■ **Task item**
Leaving out all pictures, write out word for word the lines from the one containing "A picture of step 2 of Mutton Biryani." to the end of the data below.

[Collected data Boundary: Start]

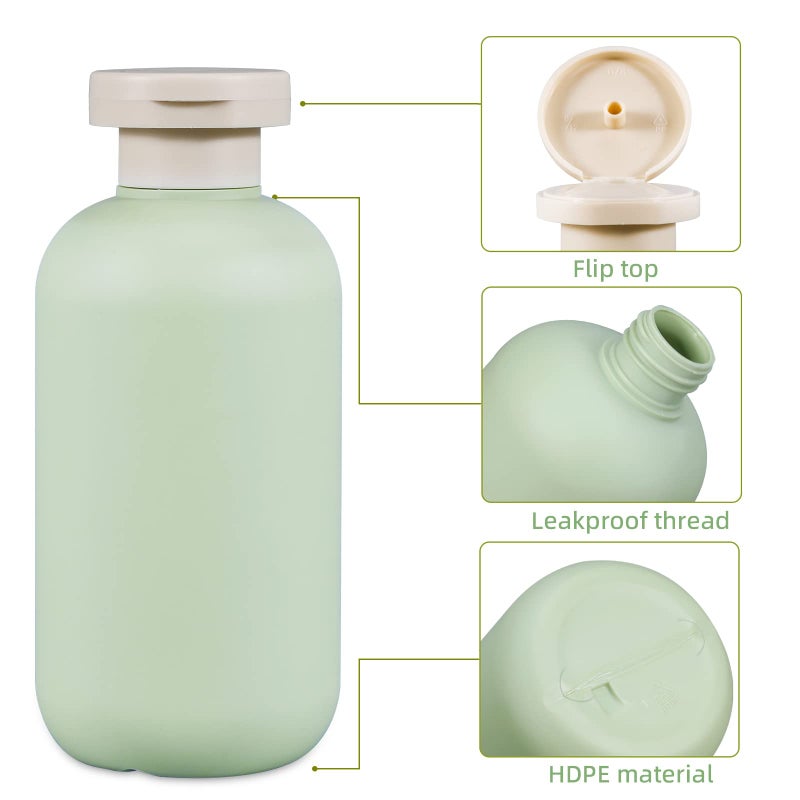 UMETASS 6.8oz Squeeze Bottles with Flip Cap, Refillable Plastic Travel Bottles for Creams, Lotion, Shampoo, Conditioner (2 Pcs) - Image 3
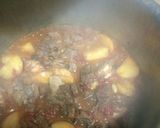 A picture of step 2 of Mutton Biryani.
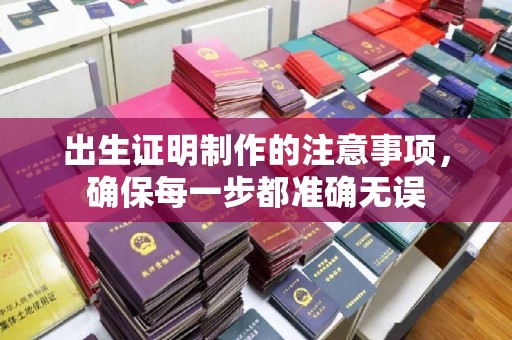 镇海出生证明制作的注意事项，确保每一步都准确无误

[Collected data Boundary: End]

■ **Output of the exercise**
 A picture of step 2 of Mutton Biryani.
 镇海出生证明制作的注意事项，确保每一步都准确无误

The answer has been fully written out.